══ DATASET EXCERPTS

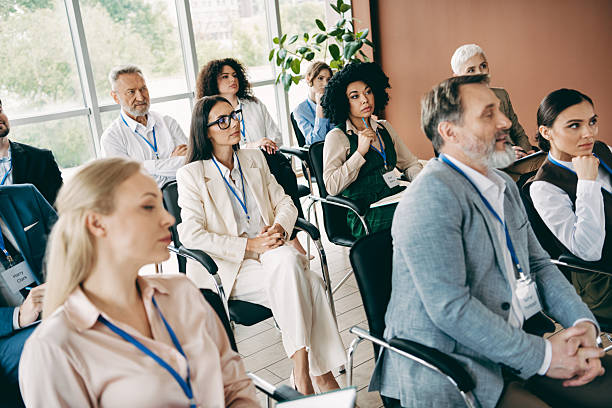 Diverse team of professionals engaged in training and collaborative discussions during a formal business conference in a bright workspace.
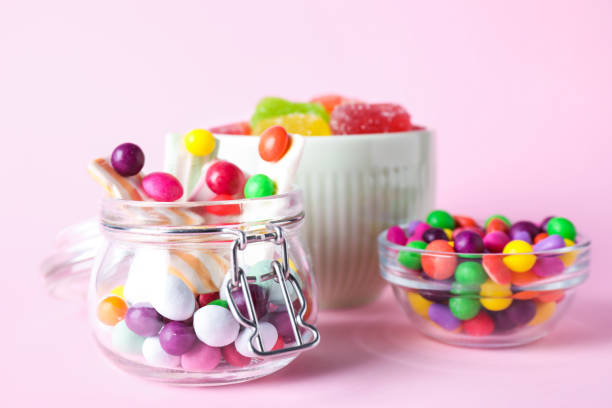 istock Many different yummy candies on pink background 1390808054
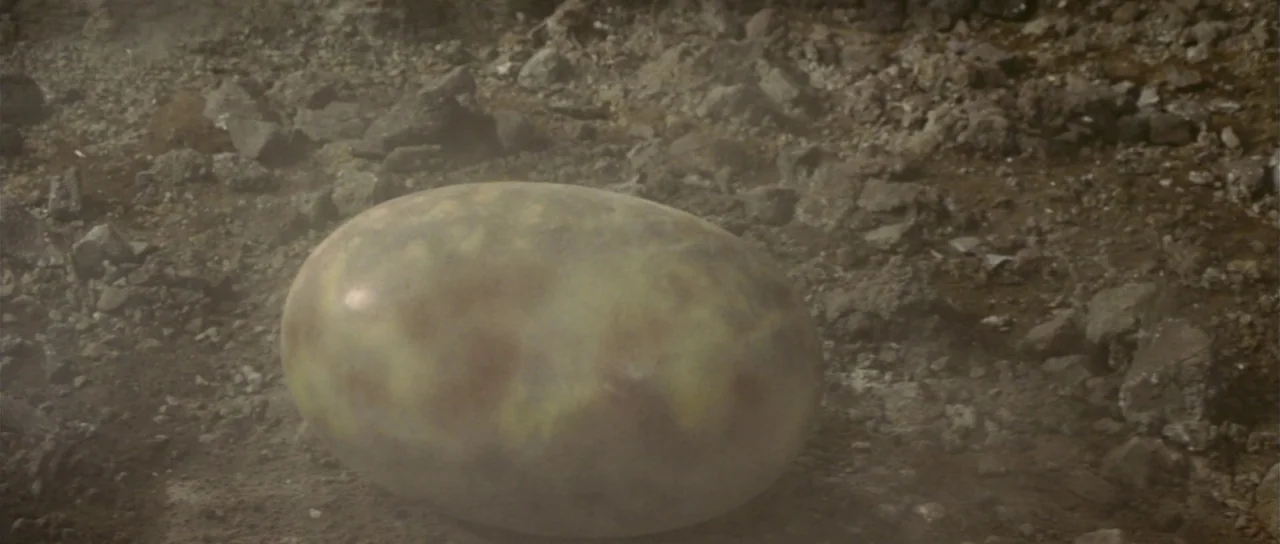 Son of Godzilla (1967) movie still: closeup — A smooth, oblong, semi-translucent egg rests in a patch of loose dirt and rocks. Thin dust or mist…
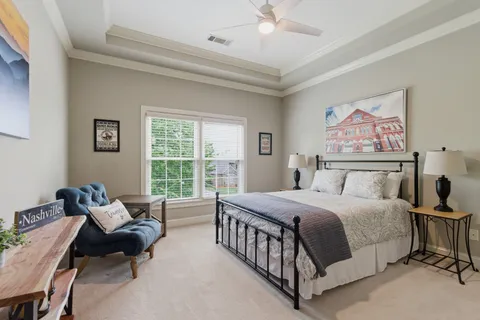 a bathroom with a sink a mirror a toilet and shower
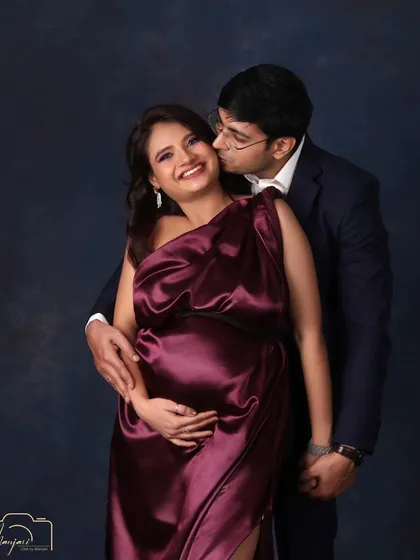 A joyful and radiant portrait. The genuine smiles on this couple's faces make this a heartwarming and beautiful memory.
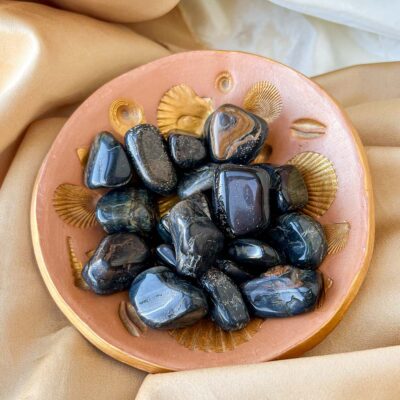 olho de falcão surya cristais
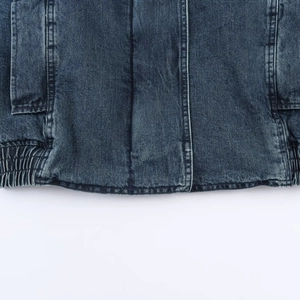 Detail of vintage blue denim jacket featuring elastic hem and premium stitching texture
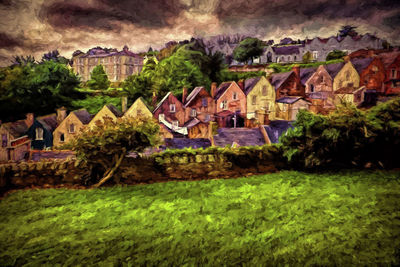 Houses by trees and buildings against sky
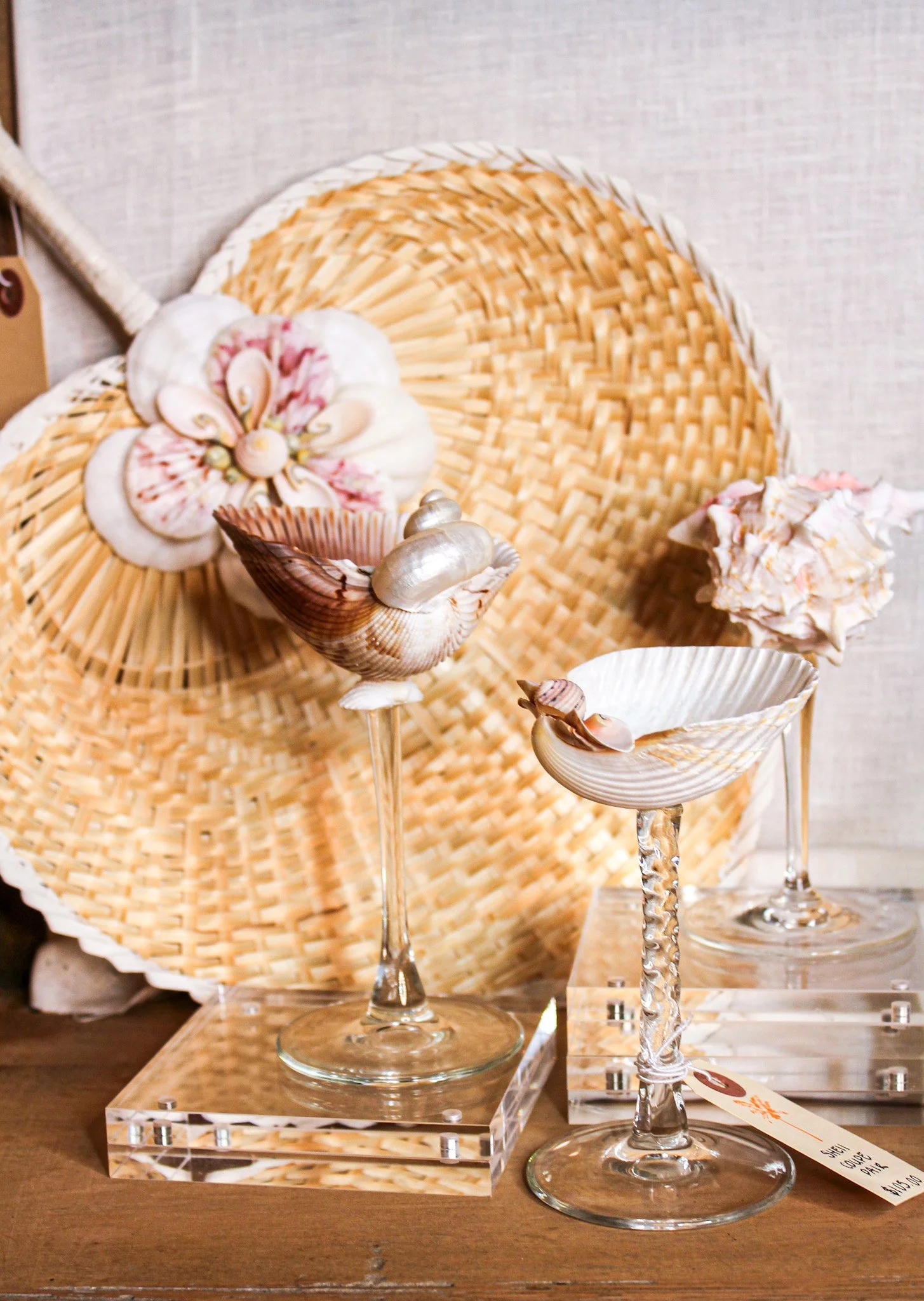Decorative display with seashells, glassware, and woven art pieces on a wooden surface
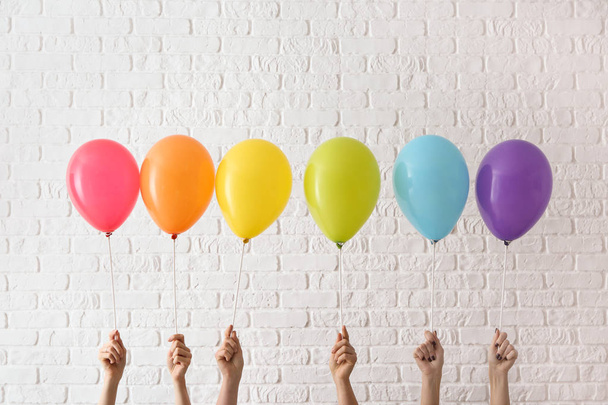 Γυναίκες κατέχουν ουράνιο τόξο αέρα μπαλόνια σε ανοιχτόχρωμο φόντο. ΛΟΑΤ έννοια - Φωτογραφία, εικόνα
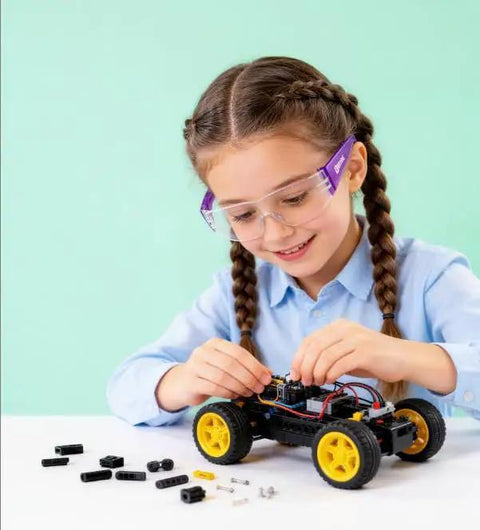 Girl using Six Crew Pack Youth Safety Glasses With Anti Fog And Uv400 Tint, assembling a toy car with small parts.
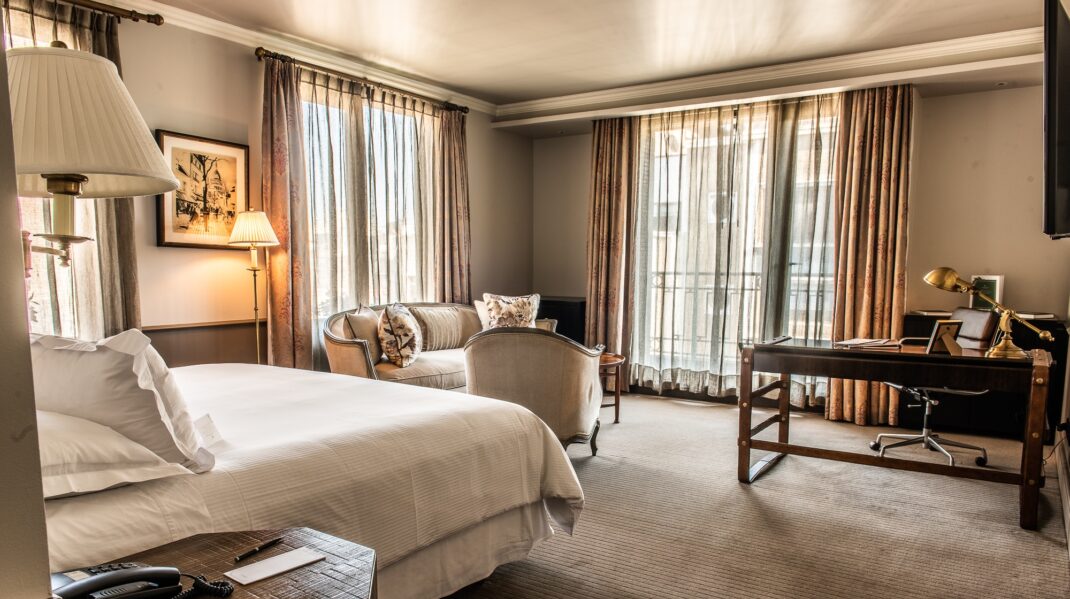 Elegant hotel suite with a king bed, sitting area, writing desk, and floor-to-ceiling curtained windows.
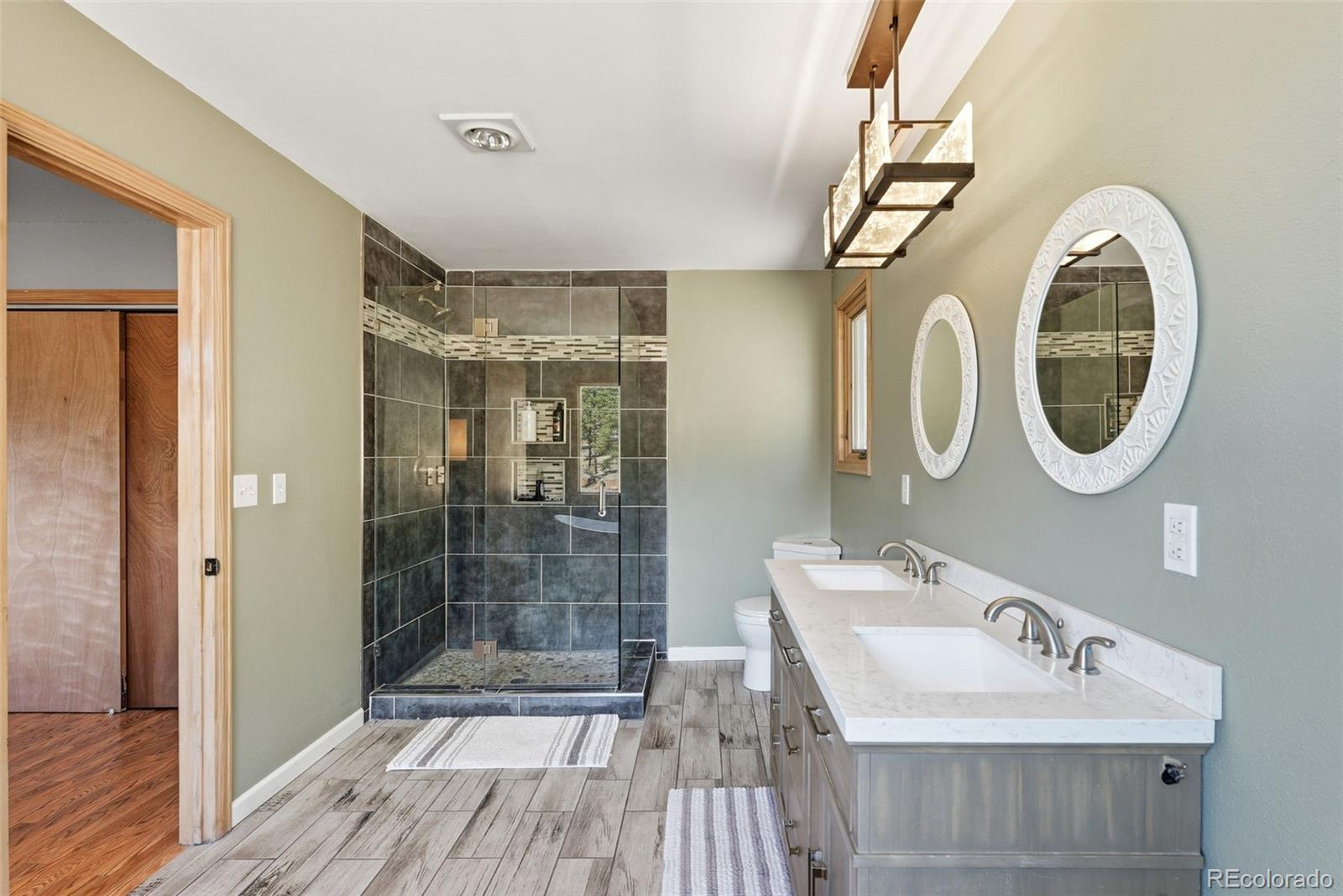 16687 Ouray Road West Pine, CO 80470 - Photo 23 of 49 a bathroom with a sink a mirror and shower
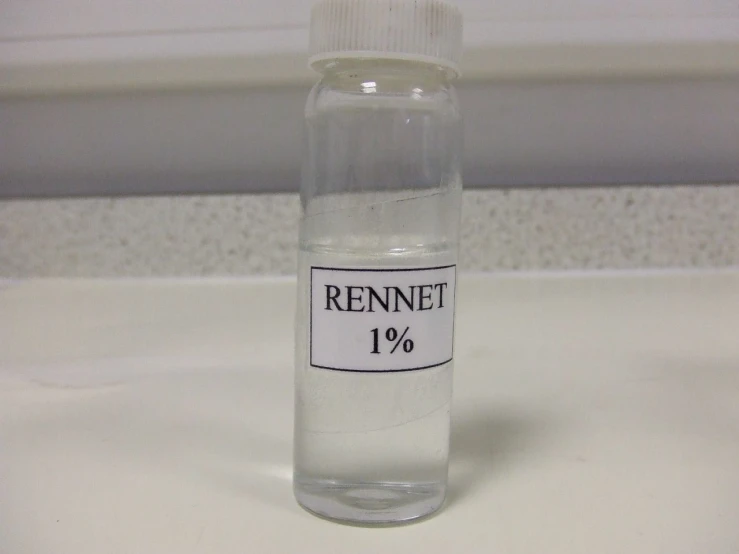 a small clear bottle filled with urine sits on a white surface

════

__TRY IT__: Exactly the lines above from the one that contains "a bathroom with a sink a mirror a toilet" down to the one that contains "Γυναίκες κατέχουν ουράνιο" are to be output, both ends kept and pictures omitted.

__THE ANSWER__:
 a bathroom with a sink a mirror a toilet and shower
 A joyful and radiant portrait. The genuine smiles on this couple's faces make this a heartwarming and beautiful memory.
 olho de falcão surya cristais
 Detail of vintage blue denim jacket featuring elastic hem and premium stitching texture
 Houses by trees and buildings against sky
Decorative display with seashells, glassware, and woven art pieces on a wooden surface
 Γυναίκες κατέχουν ουράνιο τόξο αέρα μπαλόνια σε ανοιχτόχρωμο φόντο. ΛΟΑΤ έννοια - Φωτογραφία, εικόνα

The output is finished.